León XIV es un sacerdote agustino, Prior que fue de su Orden y luego Cardenal Prefecto de la Congregación de los Obispos y presidente de la Pontificia Comisión para América Latina. De 69 años, nacido en Chicago, de madre española y padre norteamericano, es descendiente inmediato de inmigrantes franceses y procedentes de España. Mas, el ahora Pontífice, creado Príncipe de la Iglesia por Francisco, sirvió como misionero y Obispo en Chiclayo. Un hombre universal, en suma.
De apariencia sencilla, recatado, de sentido común según los que le conocen, ajeno a ser el centro de la atención fue llamado a Roma, donde previamente alcanza su licenciatura y doctorado en derecho canónico en la Universidad Angelicum. Su preocupación por la labor de la Iglesia en favor de los pobres y haber sido director de misiones de la Orden de San Agustín antes de ser arzobispo, hubo de llamar la atención del Papa recién fallecido.
Robert Francis Prevost Martínez, ahora Sumo Pontífice, un licenciado en matemáticas por la Universidad agustina de Villanova sita en Filadelfia, en su primera aparición en la Plaza de San Pedro evocó el ejemplo de Papa Bergoglio, asegurando la uniformidad en la Iglesia Católica. Mas el nombre que ha elegido, León, marca su decisión de atajar y conducirnos en el tiempo nuevo, Rerum Novarum. Tratará, es lo previsible, de hacer cesar las tendencias – exacerbadas por el mundillo de las redes y resueltas tras su elección fast track – ofreciéndoles una perspectiva trascendente en un mundo de inmediateces digitales.

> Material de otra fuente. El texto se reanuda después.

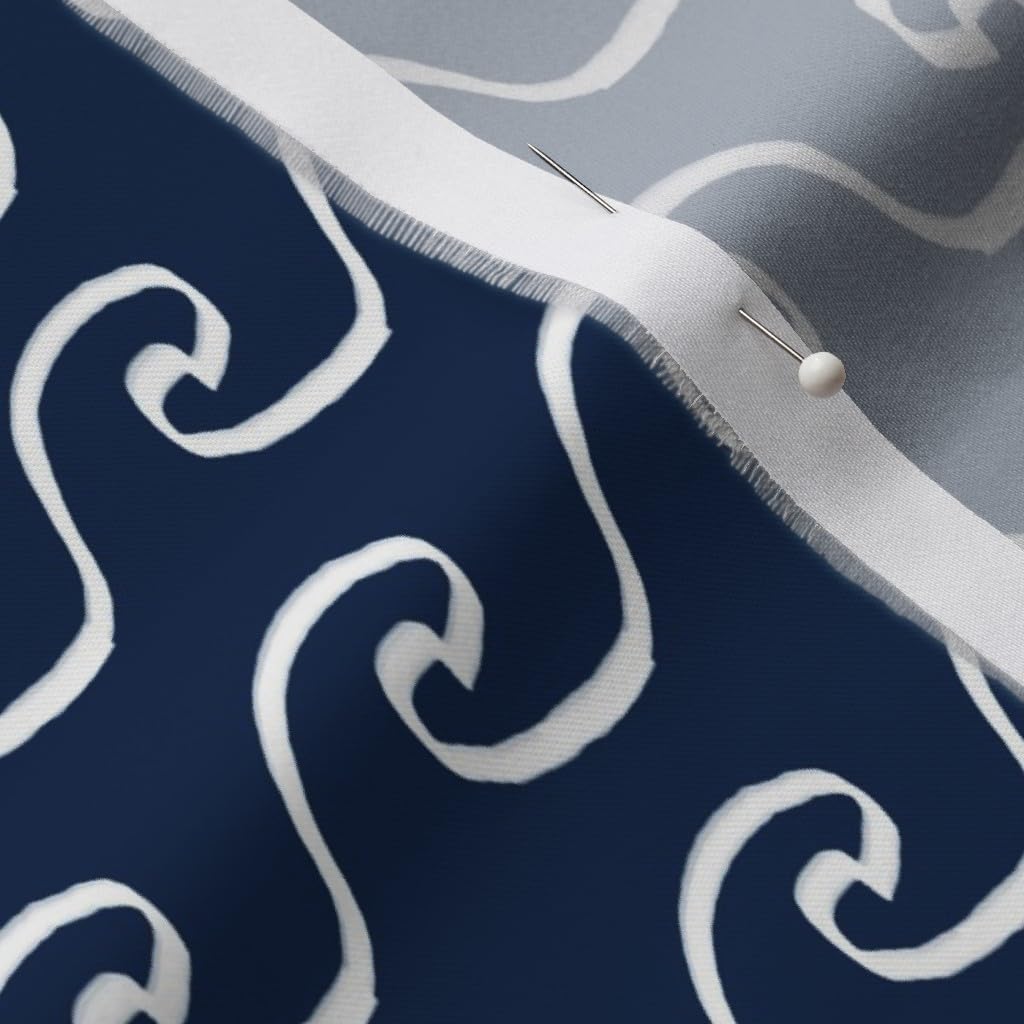 Spoonflower Fabric - Navy White Nursery Wave Ocean Waves Water Surf Summer Nautical Printed on Organic Cotton Sateen Fabric by The Yard - Sewing Quilting Apparel Home Decor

Sin lugar a dudas Papa Prevost, por su oficio y el carisma de ser hijo de San Agustín compartirá la opción preferencial por los pobres, al ser, además, más que un obispo estadunidense un prelado latinoamericano nutrido con las enseñanzas del CELAM (Consejo Episcopal Latinoamericano y Caribeño); en lo particular, con las actualizadas en Aparecida de 2007 y alcanzadas bajo el pontificado de Benedicto XVI, tanto como realizadas con fervor magisterial por el mismo Francisco: “La utopía de volver a dar vida a las religiones precolombinas, separándolas de Cristo y de la Iglesia universal, no sería un progreso, sino un retroceso. De allí ha nacido la rica y profunda religiosidad popular, en la cual aparece el alma de los pueblos latinoamericanos: el Dios cercano a los pobres y a los que sufren”, precisaba entonces papa Ratzinger.
Al presentarse ante la plaza de San Pedro, sin hacer menguar la serenidad de su sencillez y la firme ecuanimidad de su carácter, retomó los ornamentos papales, el llamado traje de coro, que incluyó la muceta. Y en sus palabras ante la urbe romana destacó su condición de agustino e hizo presente su vínculo afectivo con la ciudad peruana sede de su obispado y de habitantes cálidos.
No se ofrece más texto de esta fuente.